DIRECTIONS FOR THIS TASK: Do any lines in the data below contain "Educacionais"? If so, copy every one of them.

RECORDS TO USE:
====

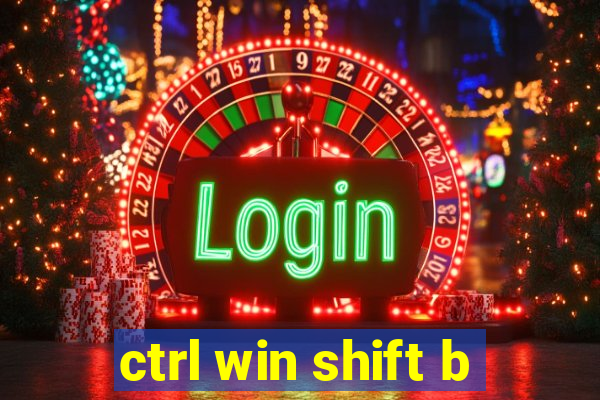 ctrl win shift b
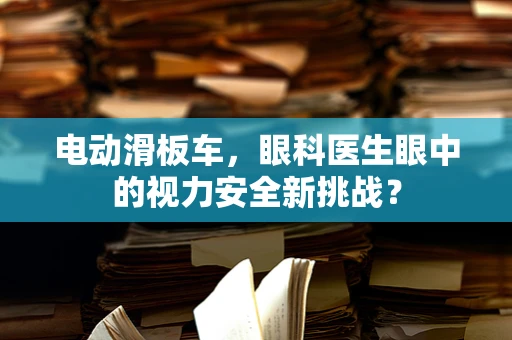 电动滑板车，眼科医生眼中的视力安全新挑战？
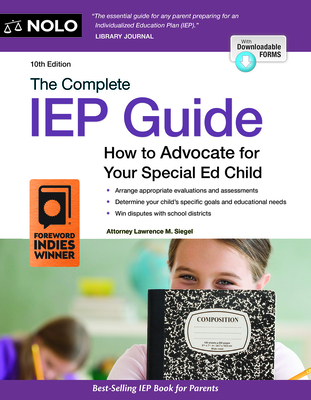 Complete IEP Guide, The: How to Advocate for Your Special Ed Child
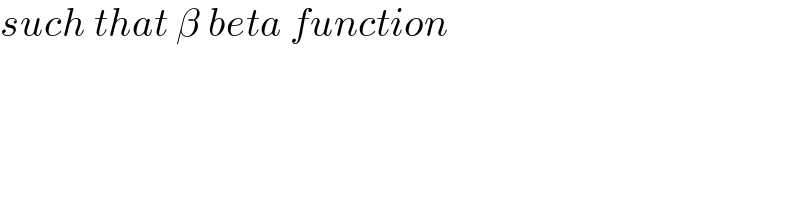 such that β beta function  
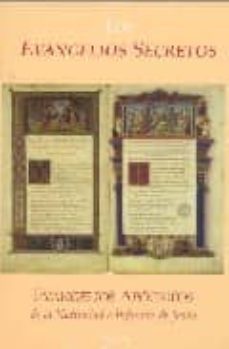 los evangelios secretos: evangelios apocrifos de la natividad e i nfancia de jesus-9788485895328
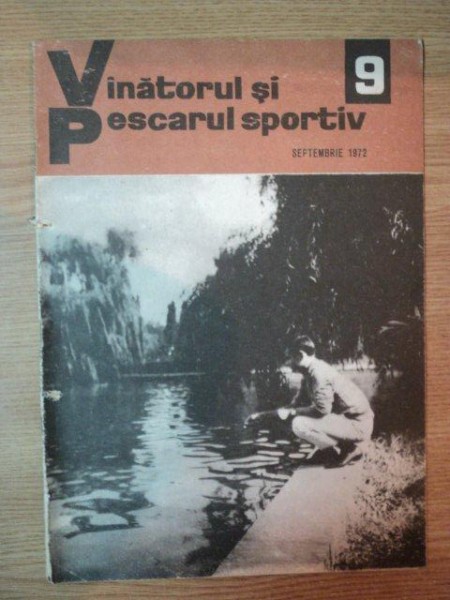 REVISTA ''VANATORUL SI PESCARUL SPORTIV'', NR. 9 SEPTEMBRIE 1972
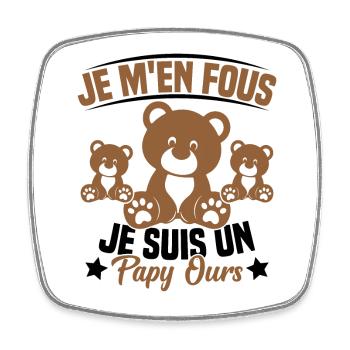 Je m en fous je suis un Papy ours Grand père - Magnet carré - blanc - Devant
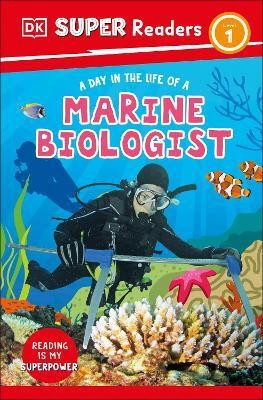 DK Super Readers Level 1 A day in the Life of a Marine Biologist(English, Paperback, DK)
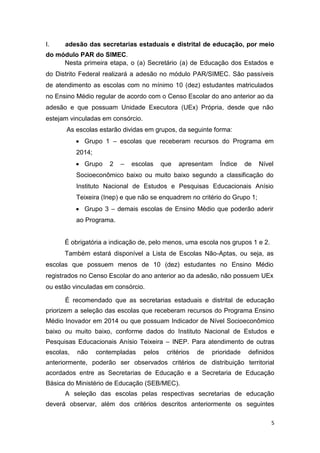 5
I. adesão das secretarias estaduais e distrital de educação, por meio
do módulo PAR do SIMEC.
Nesta primeira etapa, o (a) Secretário (a) de Educação dos Estados e
do Distrito Federal realizará a adesão no módulo PAR/SIMEC. São passíveis
de atendimento as escolas com no mínimo 10 (dez) estudantes matriculados
no Ensino Médio regular de acordo com o Censo Escolar do ano anterior ao da
adesão e que possuam Unidade Executora (UEx) Própria, desde que não
estejam vinculadas em consórcio.
As escolas estarão dividas em grupos, da seguinte forma:
 Grupo 1 – escolas que receberam recursos do Programa em
2014;
 Grupo 2 – escolas que apresentam Índice de Nível
Socioeconômico baixo ou muito baixo segundo a classificação do
Instituto Nacional de Estudos e Pesquisas Educacionais Anísio
Teixeira (Inep) e que não se enquadrem no critério do Grupo 1;
 Grupo 3 – demais escolas de Ensino Médio que poderão aderir
ao Programa.
É obrigatória a indicação de, pelo menos, uma escola nos grupos 1 e 2.
Também estará disponível a Lista de Escolas Não-Aptas, ou seja, as
escolas que possuem menos de 10 (dez) estudantes no Ensino Médio
registrados no Censo Escolar do ano anterior ao da adesão, não possuem UEx
ou estão vinculadas em consórcio.
É recomendado que as secretarias estaduais e distrital de educação
priorizem a seleção das escolas que receberam recursos do Programa Ensino
Médio Inovador em 2014 ou que possuam Indicador de Nível Socioeconômico
baixo ou muito baixo, conforme dados do Instituto Nacional de Estudos e
Pesquisas Educacionais Anísio Teixeira – INEP. Para atendimento de outras
escolas, não contempladas pelos critérios de prioridade definidos
anteriormente, poderão ser observados critérios de distribuição territorial
acordados entre as Secretarias de Educação e a Secretaria de Educação
Básica do Ministério de Educação (SEB/MEC).
A seleção das escolas pelas respectivas secretarias de educação
deverá observar, além dos critérios descritos anteriormente os seguintes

====

OUTPUT OF THE TASK:
Instituto Nacional de Estudos e Pesquisas Educacionais Anísio
Pesquisas Educacionais Anísio Teixeira – INEP. Para atendimento de outras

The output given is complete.